Editorial

 

Abhilash Nair and Paul Maharg

 

Welcome to the third and final issue of 2017 of the European Journal of Law and Technology. In this issue we present two original articles, a commentary and a book review.

The problems of legislative website design are well known to readers of EJLT.  Over the past couple of decades we have published many articles dealing in whole or in part with the considerable design issues posed by the publication of official legislation, where right of public access to legal information is hindered by frustratingly poor website design. Mitee's article focuses on a number of perennial problems arising from the fragmentary publication of digital legal data management on official government information sites, namely the number and range of such sites, their silo-like qualities, and the issues that these cause for users trying to locate such official information at all levels of government in a country.  His study of 51 countries identifies the problem as existing in both developed and developing countries.  His response is a system of official networked, one-stop legal information websites which would guarantee the 'whole stock of legal information of a legislative jurisdiction on one single website'; and his article describes and analyses how this might be implemented.  

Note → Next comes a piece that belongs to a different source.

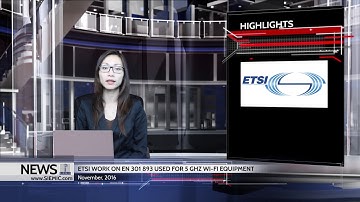 SIEMIC News - ETSI work on EN 301 893 used for 5 GHz Wi-Fi equipment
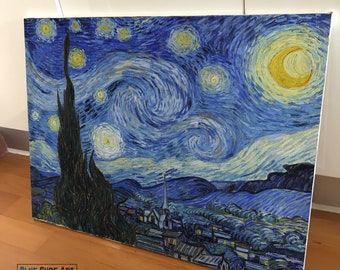 手描きのゴッホ「星月夜」油絵複製 - Etsy 日本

In his article, Radosavljev has investigated the recent GS Media case of the CJEU. This looks at the liability under copyright law of those providing hyperlinks. The case is one which could have an important impact on the copyright balance, and it is this issue that the author analyses. It also highlights some additional concerns which the CJEU could have considered. There are some useful technical observations that are also made.  For those who wish to research further into the topic of copyright infringement issues with regard to hyperlinking (with reference to secondary liability and the communication right), this article is worth reading.

The new General Data Protection Regulation has sparked a number of debates on various provisions. In our Commentary section, Roig offers an informative overview of the right not to be subject to decisions based solely on automated processing under Art 22 of the GDPR and the challenges involved in meeting the true spirit and requirements of the law.

Finally, Ward and Stockdale provide an informative, well balanced, and thorough review of the book, Electronic Evidence (fourth edition) edited by Stephen Mason and Daniel Seng (IALS, University of London).